#### [EXERCISE BRIEF]
Each line from the one that holds "Fashion Leather Women" to the end of the entries is to be given again exactly. Do not include pictures.

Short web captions
——————
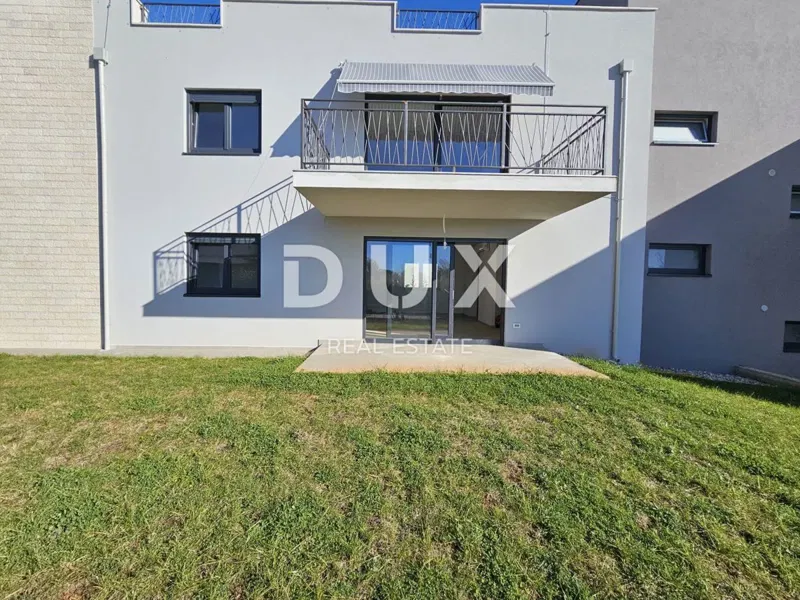 ISTRIA, PARENZO, DINTORNI - Appartamento con 3 camere da letto al primo piano con terrazza sul tetto – 2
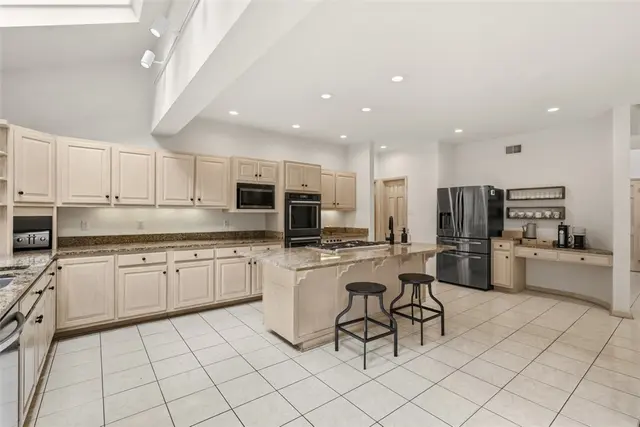 1012 Victoria Place gallery image 35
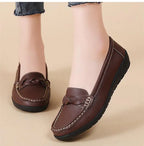 Fashion Leather Women Flats Round Toe Women Shoe Moccasins Shoes Woman Slip On Shoes Women Black Zapatos Mujer Plus Size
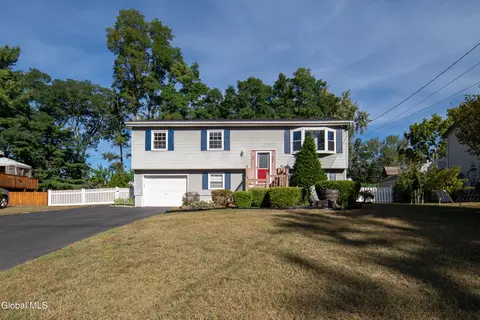 3 Jo Ann Ct, Albany, NY 12205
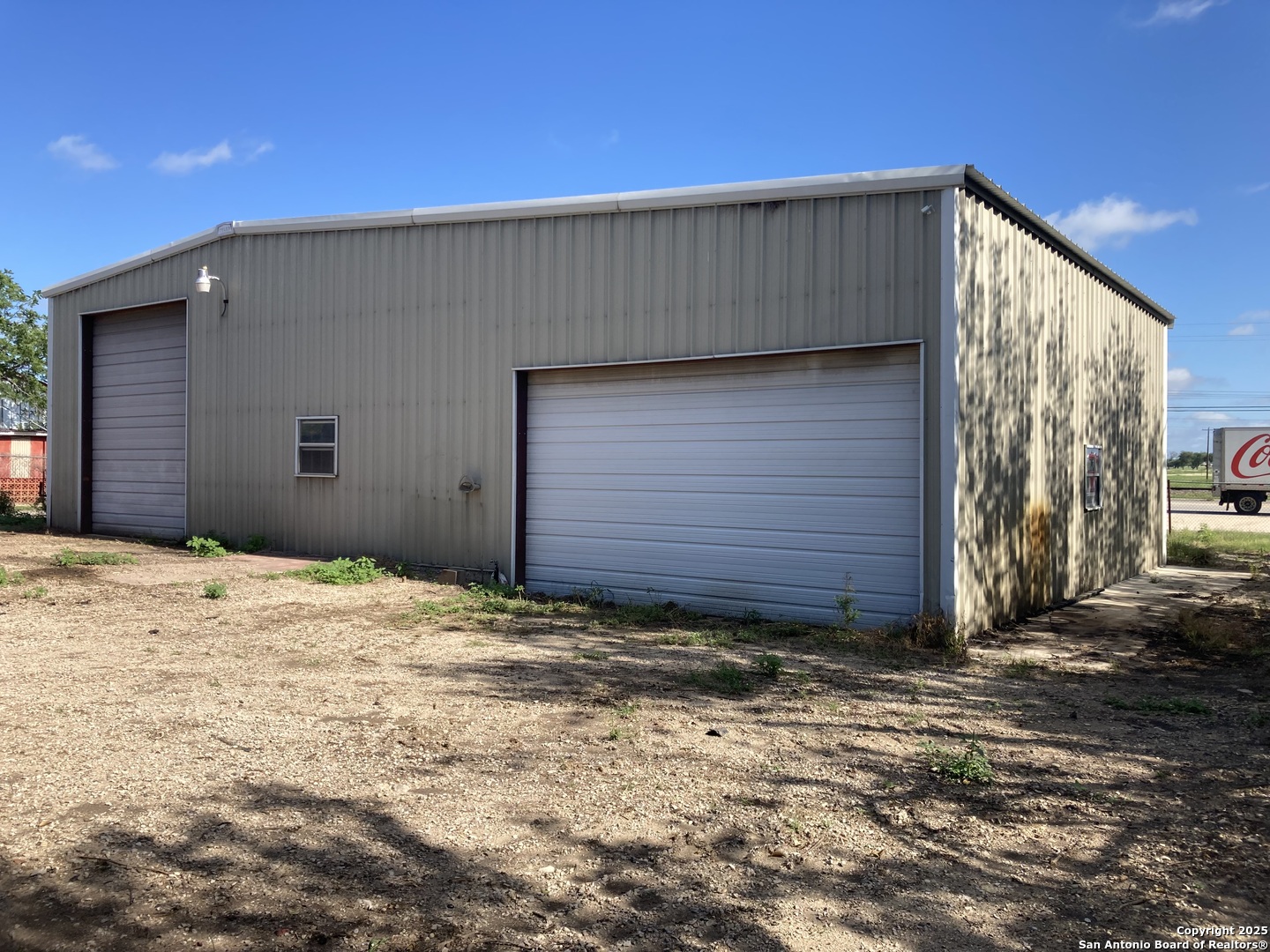 2605 19th, Hondo, TX 78861 — photo 1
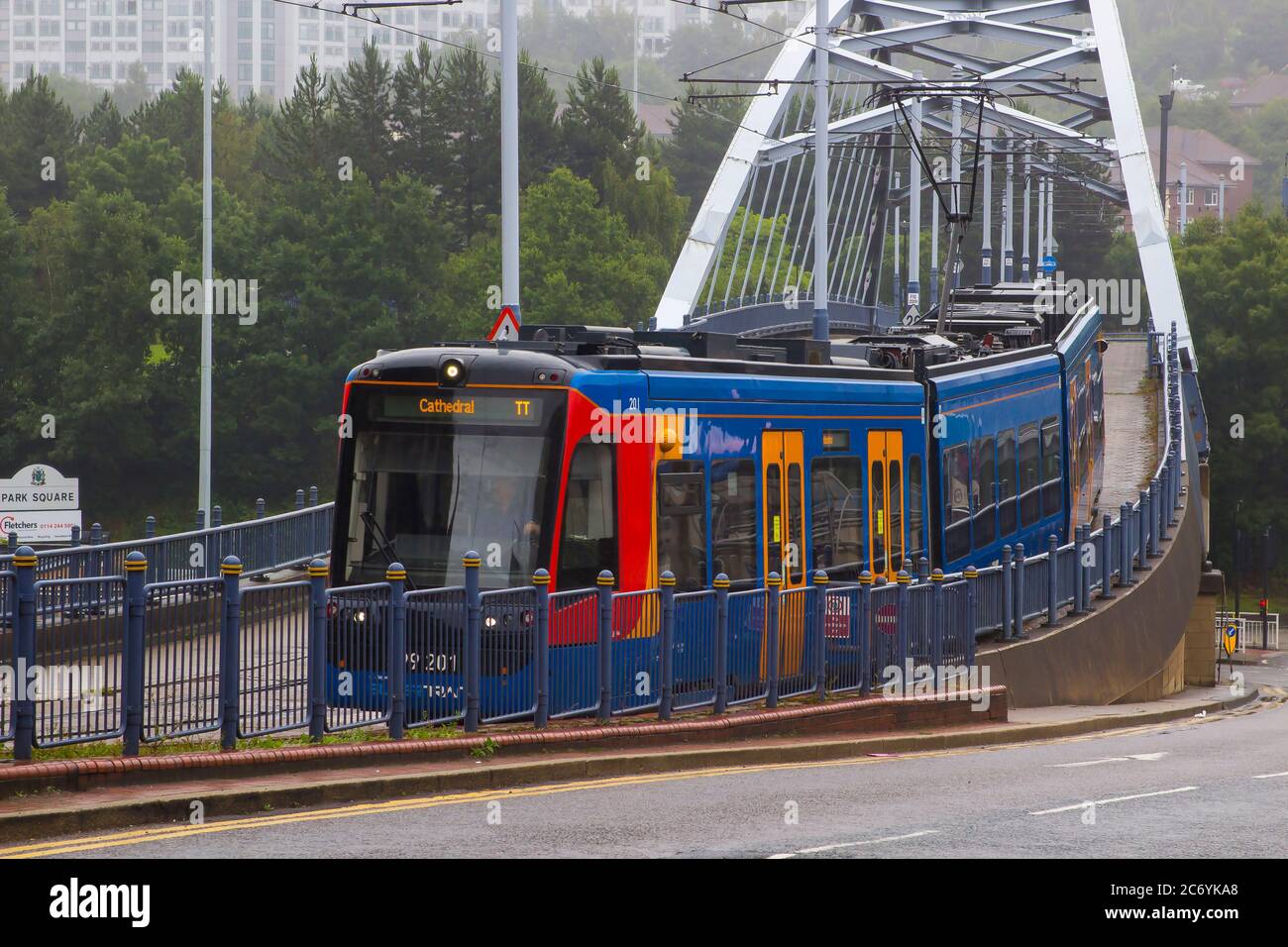 8 luglio 2021 questo supertram di Stagecoach che attraversa il ponte dell'arco di archi di Bow String a Park Square a Sheffield, Inghilterra, in una giornata umida. Questo è Foto Stock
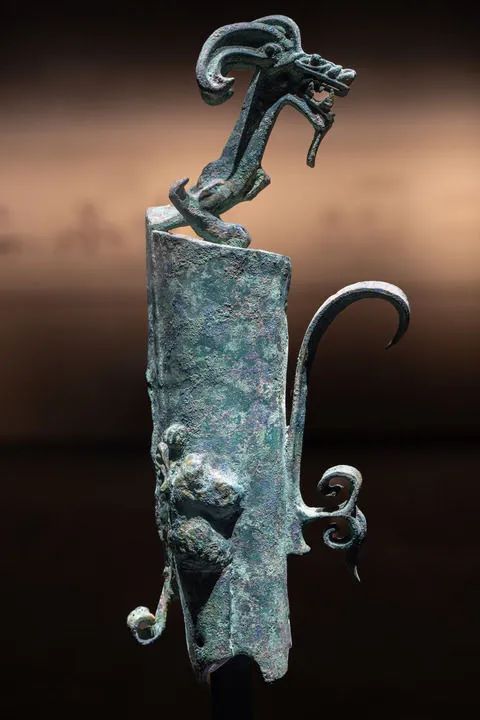 三星堆青铜龙柱形器,一头长有羊角和山羊胡须的龙踞于柱首.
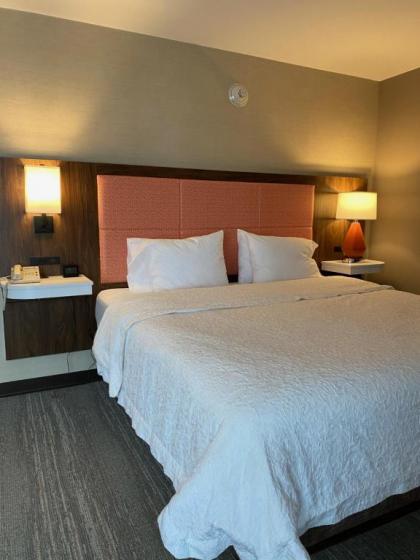 Hampton Inn Princeton - image 18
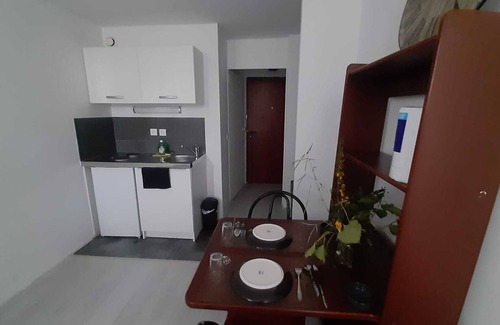 Cergy Apartment | Studio DE 18 m2 Tres Propre Avec LIT Double 140x200cm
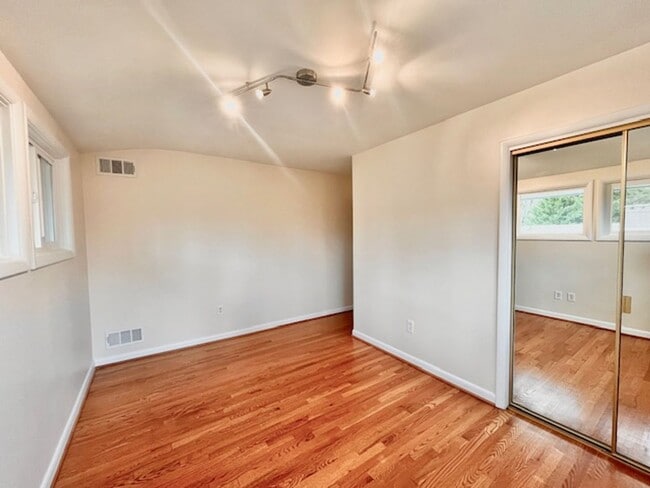 Building Photo - 8308 Whitman Dr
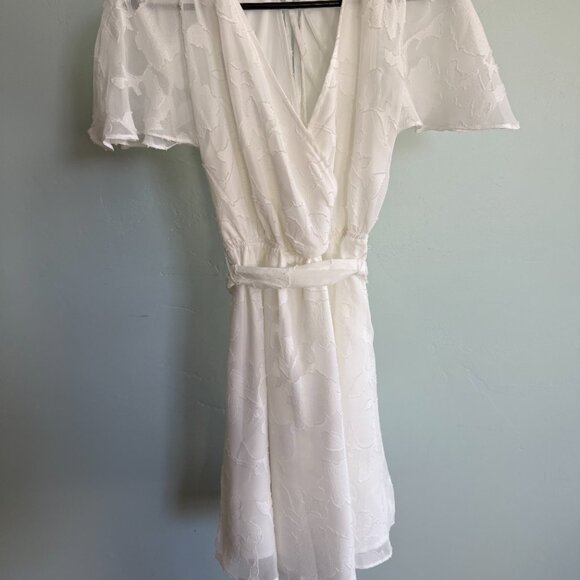 Lulus Flutter Forever White Burnout Jacquard Flutter Sleeve Mini Dress - Size XS - Picture 2 of 4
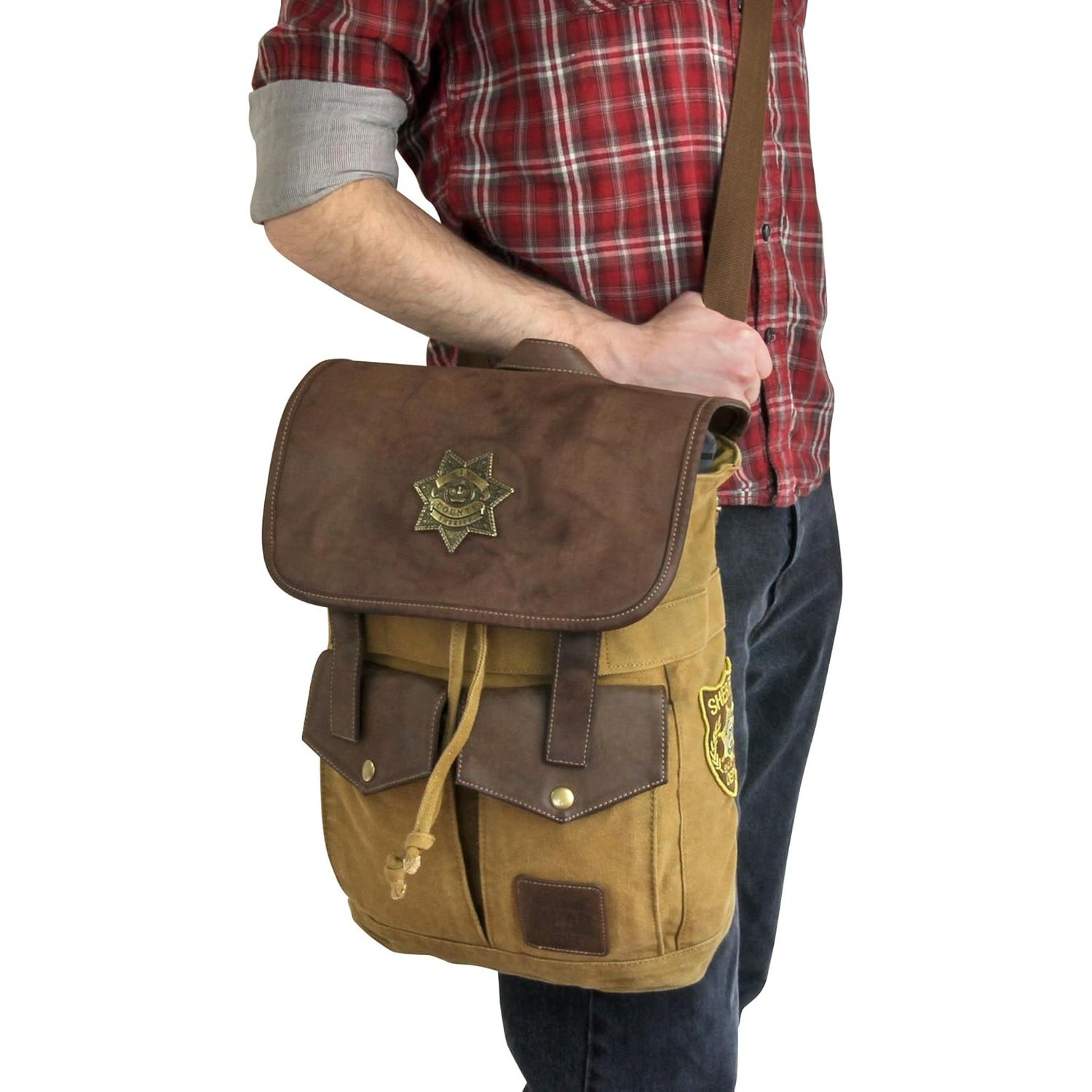 Mochila The Walking Dead Sheriff Rick Marrón 45.72x30.48cm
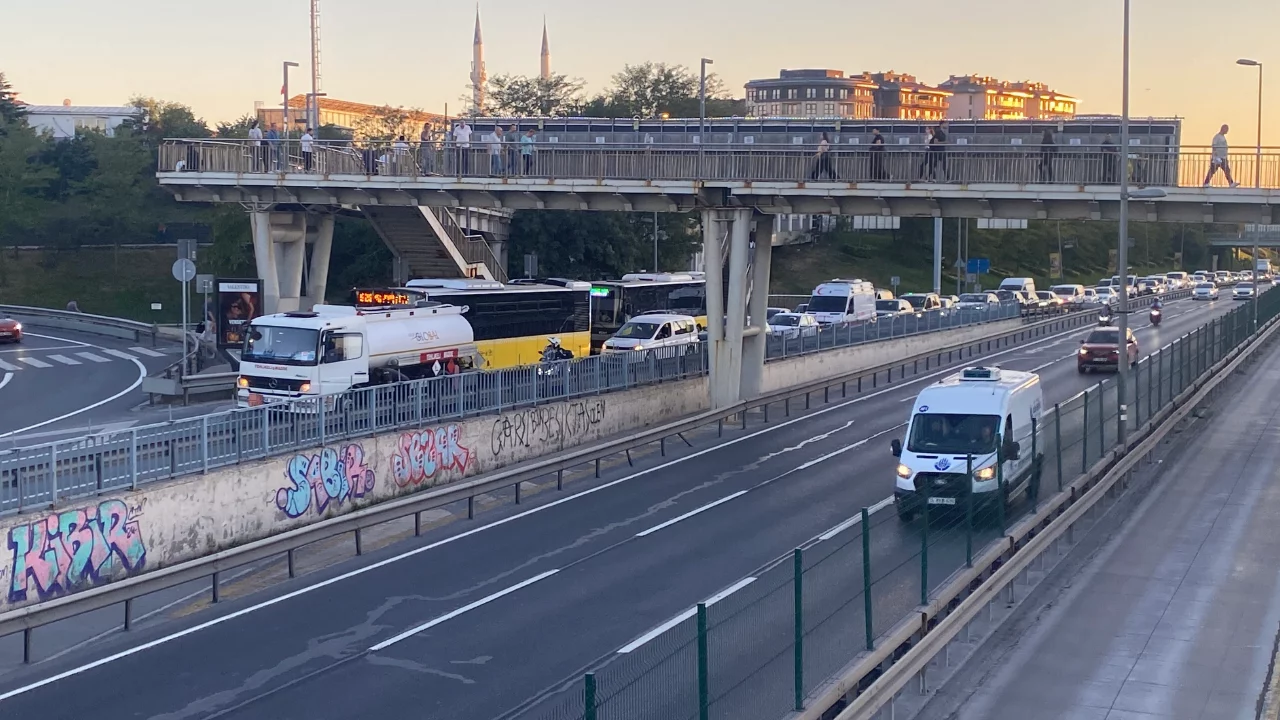 Beyoğlu Okmeydanı'nda tanker arızası trafiği kilitledi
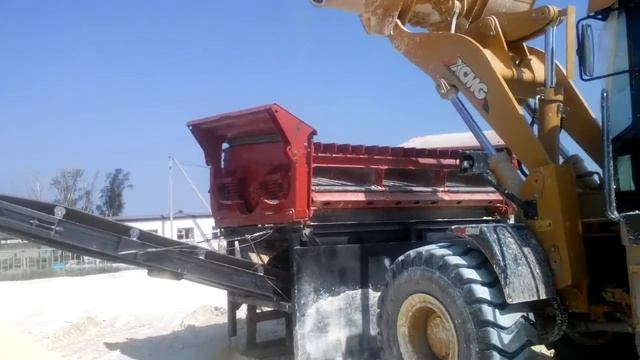 MT42. Грохочение доломита перед погрузкой смотреть онлайн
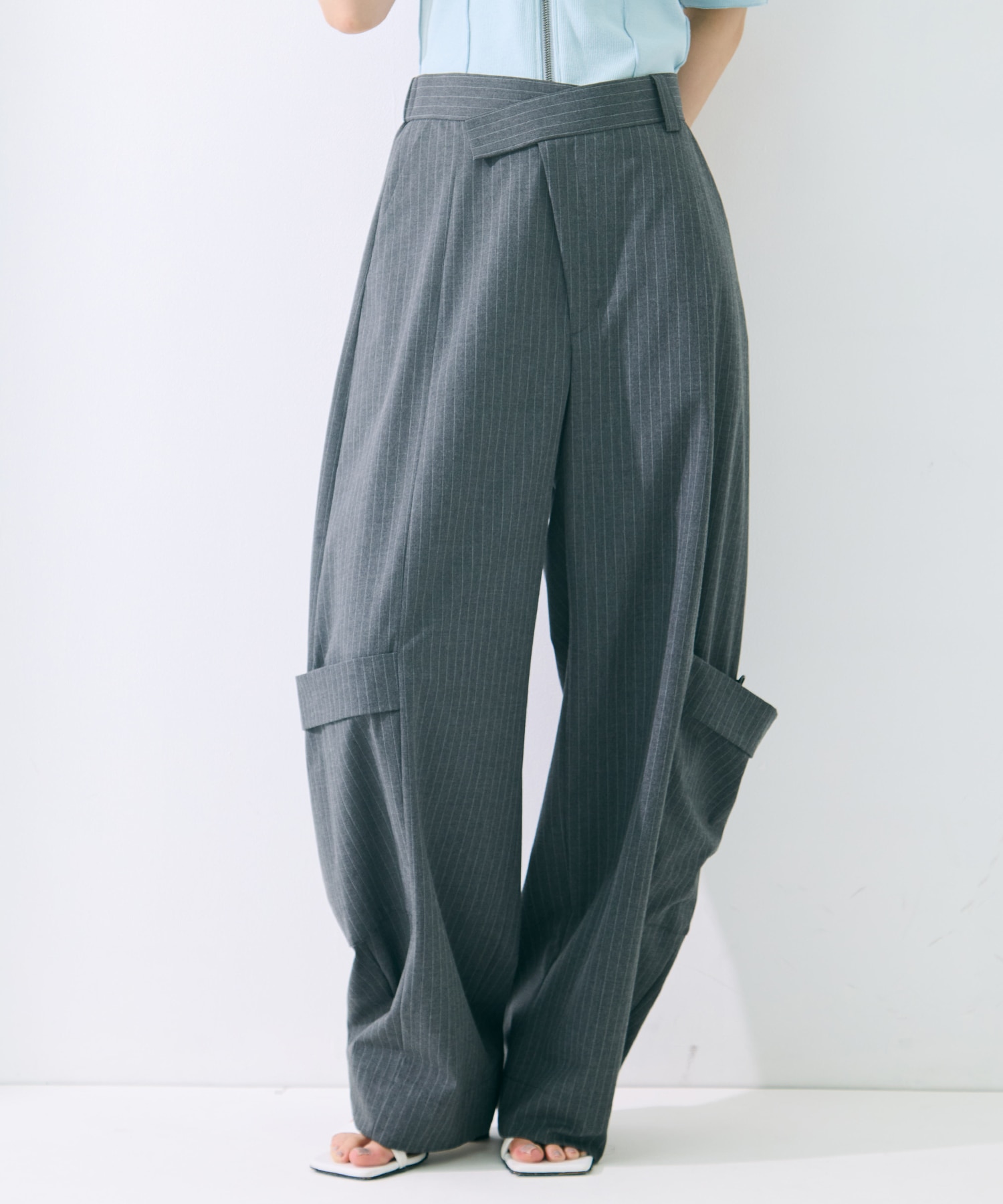 Soft Barrel Leg Flap Cargo Trousers STUDIOUS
——————
#### [WRITTEN ANSWER]
 Fashion Leather Women Flats Round Toe Women Shoe Moccasins Shoes Woman Slip On Shoes Women Black Zapatos Mujer Plus Size
 3 Jo Ann Ct, Albany, NY 12205
 2605 19th, Hondo, TX 78861 — photo 1
 8 luglio 2021 questo supertram di Stagecoach che attraversa il ponte dell'arco di archi di Bow String a Park Square a Sheffield, Inghilterra, in una giornata umida. Questo è Foto Stock
 三星堆青铜龙柱形器,一头长有羊角和山羊胡须的龙踞于柱首.
 Hampton Inn Princeton - image 18
 Cergy Apartment | Studio DE 18 m2 Tres Propre Avec LIT Double 140x200cm
 Building Photo - 8308 Whitman Dr
 Lulus Flutter Forever White Burnout Jacquard Flutter Sleeve Mini Dress - Size XS - Picture 2 of 4
 Mochila The Walking Dead Sheriff Rick Marrón 45.72x30.48cm
 Beyoğlu Okmeydanı'nda tanker arızası trafiği kilitledi
 MT42. Грохочение доломита перед погрузкой смотреть онлайн
 Soft Barrel Leg Flap Cargo Trousers STUDIOUS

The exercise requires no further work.